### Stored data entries
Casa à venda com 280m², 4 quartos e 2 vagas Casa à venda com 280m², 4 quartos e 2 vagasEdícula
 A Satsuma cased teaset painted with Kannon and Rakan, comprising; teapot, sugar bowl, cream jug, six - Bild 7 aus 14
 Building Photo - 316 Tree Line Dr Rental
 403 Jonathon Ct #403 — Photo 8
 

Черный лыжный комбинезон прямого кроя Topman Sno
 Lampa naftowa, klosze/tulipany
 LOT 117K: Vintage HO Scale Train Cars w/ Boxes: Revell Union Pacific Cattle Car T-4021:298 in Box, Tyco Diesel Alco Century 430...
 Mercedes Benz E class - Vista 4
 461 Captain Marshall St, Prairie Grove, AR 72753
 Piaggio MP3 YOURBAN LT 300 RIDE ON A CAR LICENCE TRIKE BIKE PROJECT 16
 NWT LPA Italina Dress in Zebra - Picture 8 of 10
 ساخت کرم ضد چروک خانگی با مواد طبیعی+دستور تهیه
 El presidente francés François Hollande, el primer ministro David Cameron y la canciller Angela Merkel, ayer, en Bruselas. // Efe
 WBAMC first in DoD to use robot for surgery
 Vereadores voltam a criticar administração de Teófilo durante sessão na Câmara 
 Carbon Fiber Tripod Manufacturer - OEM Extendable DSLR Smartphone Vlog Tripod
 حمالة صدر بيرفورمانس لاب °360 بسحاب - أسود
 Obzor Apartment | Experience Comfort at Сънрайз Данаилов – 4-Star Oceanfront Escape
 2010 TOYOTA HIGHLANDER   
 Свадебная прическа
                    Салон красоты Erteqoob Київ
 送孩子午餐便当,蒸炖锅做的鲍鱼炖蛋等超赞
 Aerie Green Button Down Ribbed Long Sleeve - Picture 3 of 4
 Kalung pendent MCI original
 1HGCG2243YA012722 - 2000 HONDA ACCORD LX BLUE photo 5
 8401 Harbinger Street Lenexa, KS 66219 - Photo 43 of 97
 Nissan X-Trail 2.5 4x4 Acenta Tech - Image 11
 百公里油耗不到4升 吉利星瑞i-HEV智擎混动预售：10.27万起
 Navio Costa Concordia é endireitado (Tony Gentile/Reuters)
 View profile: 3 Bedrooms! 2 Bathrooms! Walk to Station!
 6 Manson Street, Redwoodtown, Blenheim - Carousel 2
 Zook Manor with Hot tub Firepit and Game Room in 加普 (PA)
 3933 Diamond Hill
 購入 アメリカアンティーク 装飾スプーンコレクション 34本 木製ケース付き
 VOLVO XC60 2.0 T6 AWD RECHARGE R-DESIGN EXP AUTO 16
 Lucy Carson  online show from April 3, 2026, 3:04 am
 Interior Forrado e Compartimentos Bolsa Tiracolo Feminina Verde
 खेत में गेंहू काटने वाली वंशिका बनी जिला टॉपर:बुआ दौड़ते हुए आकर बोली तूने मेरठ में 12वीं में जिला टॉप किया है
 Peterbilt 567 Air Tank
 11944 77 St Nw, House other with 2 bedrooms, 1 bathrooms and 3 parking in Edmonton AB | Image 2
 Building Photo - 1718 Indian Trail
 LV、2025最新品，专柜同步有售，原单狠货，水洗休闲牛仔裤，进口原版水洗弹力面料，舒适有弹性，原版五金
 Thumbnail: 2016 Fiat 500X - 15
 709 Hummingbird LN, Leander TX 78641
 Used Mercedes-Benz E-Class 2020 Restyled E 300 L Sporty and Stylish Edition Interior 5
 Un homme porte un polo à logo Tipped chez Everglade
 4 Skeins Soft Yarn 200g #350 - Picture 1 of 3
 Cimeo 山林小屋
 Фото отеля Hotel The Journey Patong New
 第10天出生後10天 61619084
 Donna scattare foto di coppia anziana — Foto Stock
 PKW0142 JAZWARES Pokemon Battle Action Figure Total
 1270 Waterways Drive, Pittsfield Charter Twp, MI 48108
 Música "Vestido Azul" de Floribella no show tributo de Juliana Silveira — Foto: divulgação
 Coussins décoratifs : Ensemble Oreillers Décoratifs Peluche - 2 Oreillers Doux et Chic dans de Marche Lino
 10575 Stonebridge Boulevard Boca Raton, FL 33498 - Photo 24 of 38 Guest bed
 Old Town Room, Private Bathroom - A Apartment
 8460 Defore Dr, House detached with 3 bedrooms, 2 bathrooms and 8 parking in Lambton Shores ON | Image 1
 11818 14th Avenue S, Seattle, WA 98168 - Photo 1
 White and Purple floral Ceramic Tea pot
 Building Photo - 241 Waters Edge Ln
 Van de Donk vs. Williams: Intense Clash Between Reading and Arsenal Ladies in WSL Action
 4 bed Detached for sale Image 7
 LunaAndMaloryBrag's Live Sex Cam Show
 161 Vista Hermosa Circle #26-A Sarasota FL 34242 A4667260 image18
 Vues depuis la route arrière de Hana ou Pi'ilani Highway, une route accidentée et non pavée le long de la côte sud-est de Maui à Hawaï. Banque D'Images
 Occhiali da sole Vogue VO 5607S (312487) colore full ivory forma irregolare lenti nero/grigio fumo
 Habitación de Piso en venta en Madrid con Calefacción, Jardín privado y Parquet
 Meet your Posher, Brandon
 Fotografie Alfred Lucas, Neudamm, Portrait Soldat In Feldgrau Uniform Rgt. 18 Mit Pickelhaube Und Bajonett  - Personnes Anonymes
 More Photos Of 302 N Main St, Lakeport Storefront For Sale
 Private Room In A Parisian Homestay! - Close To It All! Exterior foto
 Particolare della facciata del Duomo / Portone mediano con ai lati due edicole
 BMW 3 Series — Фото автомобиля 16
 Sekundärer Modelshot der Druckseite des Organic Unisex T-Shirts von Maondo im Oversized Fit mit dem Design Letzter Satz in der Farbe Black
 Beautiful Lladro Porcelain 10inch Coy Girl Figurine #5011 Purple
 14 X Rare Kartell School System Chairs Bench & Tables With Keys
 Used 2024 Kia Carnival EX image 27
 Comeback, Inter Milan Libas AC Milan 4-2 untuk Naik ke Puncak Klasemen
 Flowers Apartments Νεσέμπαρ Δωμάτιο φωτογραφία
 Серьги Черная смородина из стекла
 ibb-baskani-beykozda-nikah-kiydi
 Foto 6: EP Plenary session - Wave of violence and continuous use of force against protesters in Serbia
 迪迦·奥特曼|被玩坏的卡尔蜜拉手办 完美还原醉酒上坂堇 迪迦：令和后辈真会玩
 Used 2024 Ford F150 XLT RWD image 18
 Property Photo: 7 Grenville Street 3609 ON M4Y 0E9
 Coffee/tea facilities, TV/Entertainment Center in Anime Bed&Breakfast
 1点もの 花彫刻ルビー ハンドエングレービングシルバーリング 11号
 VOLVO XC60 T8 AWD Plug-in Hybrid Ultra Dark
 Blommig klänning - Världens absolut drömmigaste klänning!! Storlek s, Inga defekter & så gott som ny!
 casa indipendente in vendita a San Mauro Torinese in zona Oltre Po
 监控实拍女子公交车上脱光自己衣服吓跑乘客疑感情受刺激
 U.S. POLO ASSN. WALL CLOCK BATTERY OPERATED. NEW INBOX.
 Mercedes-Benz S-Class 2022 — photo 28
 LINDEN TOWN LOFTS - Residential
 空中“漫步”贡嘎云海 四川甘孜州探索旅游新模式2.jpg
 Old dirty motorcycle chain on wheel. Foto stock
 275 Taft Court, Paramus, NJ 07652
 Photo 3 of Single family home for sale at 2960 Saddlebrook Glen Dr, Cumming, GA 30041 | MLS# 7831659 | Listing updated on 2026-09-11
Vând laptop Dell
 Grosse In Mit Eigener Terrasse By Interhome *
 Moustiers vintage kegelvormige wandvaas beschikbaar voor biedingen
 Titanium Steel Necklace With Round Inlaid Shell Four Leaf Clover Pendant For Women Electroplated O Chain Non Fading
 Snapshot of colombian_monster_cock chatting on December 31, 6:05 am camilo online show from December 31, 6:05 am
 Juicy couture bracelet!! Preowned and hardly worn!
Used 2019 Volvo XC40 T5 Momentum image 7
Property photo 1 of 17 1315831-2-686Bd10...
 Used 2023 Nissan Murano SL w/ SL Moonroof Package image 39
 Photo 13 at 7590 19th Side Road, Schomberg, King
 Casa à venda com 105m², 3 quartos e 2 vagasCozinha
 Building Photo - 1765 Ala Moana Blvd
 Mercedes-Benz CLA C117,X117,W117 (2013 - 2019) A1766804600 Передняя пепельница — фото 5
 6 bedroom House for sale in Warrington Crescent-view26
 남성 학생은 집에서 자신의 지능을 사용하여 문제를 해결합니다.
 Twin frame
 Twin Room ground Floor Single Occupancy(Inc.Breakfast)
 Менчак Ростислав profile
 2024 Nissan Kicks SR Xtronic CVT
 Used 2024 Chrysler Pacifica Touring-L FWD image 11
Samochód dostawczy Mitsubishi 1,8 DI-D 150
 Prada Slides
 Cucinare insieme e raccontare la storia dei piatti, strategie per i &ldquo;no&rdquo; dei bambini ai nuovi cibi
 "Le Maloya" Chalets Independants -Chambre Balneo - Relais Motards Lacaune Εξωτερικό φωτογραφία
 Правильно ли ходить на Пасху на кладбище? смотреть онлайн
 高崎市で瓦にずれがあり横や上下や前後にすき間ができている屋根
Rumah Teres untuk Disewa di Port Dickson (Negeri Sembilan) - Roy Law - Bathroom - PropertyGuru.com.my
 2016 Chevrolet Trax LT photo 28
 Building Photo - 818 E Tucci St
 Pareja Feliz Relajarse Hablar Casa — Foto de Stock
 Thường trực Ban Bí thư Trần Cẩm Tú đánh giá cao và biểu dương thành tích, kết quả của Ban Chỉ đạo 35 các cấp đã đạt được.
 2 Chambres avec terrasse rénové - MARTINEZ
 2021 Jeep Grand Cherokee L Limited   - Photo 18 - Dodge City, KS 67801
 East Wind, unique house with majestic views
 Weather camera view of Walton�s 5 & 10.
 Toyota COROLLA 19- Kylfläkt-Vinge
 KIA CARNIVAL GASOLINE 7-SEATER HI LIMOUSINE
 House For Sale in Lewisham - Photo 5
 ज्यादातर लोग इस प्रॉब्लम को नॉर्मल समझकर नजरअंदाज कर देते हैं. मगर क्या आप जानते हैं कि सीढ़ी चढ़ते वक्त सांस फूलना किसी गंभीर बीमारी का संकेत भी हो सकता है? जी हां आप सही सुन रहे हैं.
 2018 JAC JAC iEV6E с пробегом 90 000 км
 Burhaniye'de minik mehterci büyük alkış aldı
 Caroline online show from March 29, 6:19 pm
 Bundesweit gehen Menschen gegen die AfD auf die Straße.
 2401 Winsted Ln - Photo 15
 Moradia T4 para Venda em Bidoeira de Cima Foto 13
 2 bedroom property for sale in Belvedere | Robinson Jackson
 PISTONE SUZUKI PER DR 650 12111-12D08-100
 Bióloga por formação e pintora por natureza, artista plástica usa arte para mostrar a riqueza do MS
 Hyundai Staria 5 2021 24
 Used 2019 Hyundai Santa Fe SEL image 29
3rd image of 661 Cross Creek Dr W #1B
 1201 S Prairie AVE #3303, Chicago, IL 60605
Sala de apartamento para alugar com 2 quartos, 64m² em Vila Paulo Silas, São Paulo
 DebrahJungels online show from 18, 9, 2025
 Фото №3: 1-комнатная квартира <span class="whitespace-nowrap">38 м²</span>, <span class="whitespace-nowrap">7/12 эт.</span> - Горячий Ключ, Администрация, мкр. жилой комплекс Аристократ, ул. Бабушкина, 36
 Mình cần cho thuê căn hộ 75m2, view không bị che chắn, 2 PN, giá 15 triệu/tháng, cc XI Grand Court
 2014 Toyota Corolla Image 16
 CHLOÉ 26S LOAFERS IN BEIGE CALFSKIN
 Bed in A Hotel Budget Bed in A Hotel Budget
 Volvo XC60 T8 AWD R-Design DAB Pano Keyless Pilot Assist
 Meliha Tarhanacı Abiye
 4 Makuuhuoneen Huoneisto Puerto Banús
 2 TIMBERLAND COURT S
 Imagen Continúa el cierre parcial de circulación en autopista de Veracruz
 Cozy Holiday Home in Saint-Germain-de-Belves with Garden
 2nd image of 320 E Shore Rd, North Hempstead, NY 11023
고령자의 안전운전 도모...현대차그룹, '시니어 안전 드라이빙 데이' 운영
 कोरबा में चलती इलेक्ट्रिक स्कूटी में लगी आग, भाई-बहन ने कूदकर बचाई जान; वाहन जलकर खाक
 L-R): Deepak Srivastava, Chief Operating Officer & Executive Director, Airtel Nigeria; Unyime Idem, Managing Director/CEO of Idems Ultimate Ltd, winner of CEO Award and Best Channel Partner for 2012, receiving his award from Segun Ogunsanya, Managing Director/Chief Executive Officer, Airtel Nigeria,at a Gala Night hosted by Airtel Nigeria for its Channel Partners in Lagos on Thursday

### Your objective
Every line from the one containing "2014 Toyota Corolla Image 16" through the last line of the entries should be output exactly; nothing else belongs in the reply.

### Output for this exercise
 2014 Toyota Corolla Image 16
 CHLOÉ 26S LOAFERS IN BEIGE CALFSKIN
 Bed in A Hotel Budget Bed in A Hotel Budget
 Volvo XC60 T8 AWD R-Design DAB Pano Keyless Pilot Assist
 Meliha Tarhanacı Abiye
 4 Makuuhuoneen Huoneisto Puerto Banús
 2 TIMBERLAND COURT S
 Imagen Continúa el cierre parcial de circulación en autopista de Veracruz
 Cozy Holiday Home in Saint-Germain-de-Belves with Garden
 2nd image of 320 E Shore Rd, North Hempstead, NY 11023
고령자의 안전운전 도모...현대차그룹, '시니어 안전 드라이빙 데이' 운영
 कोरबा में चलती इलेक्ट्रिक स्कूटी में लगी आग, भाई-बहन ने कूदकर बचाई जान; वाहन जलकर खाक
 L-R): Deepak Srivastava, Chief Operating Officer & Executive Director, Airtel Nigeria; Unyime Idem, Managing Director/CEO of Idems Ultimate Ltd, winner of CEO Award and Best Channel Partner for 2012, receiving his award from Segun Ogunsanya, Managing Director/Chief Executive Officer, Airtel Nigeria,at a Gala Night hosted by Airtel Nigeria for its Channel Partners in Lagos on Thursday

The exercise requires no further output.